**Information shown**

==*==

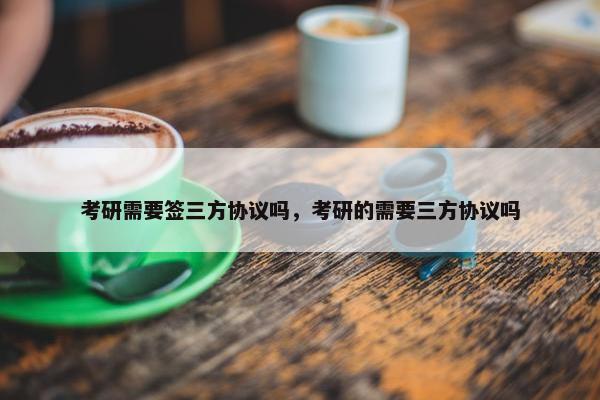 考研需要签三方协议吗，考研的需要三方协议吗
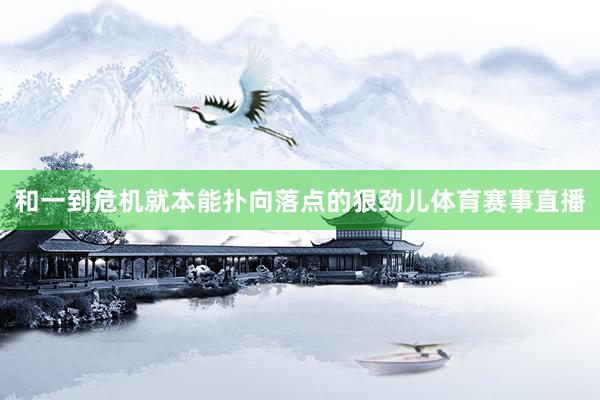 和一到危机就本能扑向落点的狠劲儿体育赛事直播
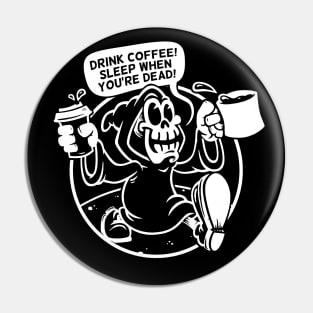 DRINK COFFEE! Pin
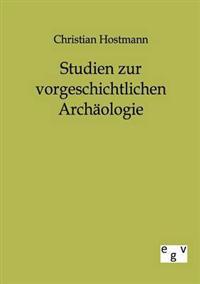 Studien zur vorgeschichtlichen Archäologie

==*==

**Brief**
Everything from the line containing "和一到危机就本能扑向落点的狠劲儿体育赛事直播" to the last line of the listing above must be reproduced exactly, with no pictures included.

**Response area**
 和一到危机就本能扑向落点的狠劲儿体育赛事直播
 DRINK COFFEE! Pin
 Studien zur vorgeschichtlichen Archäologie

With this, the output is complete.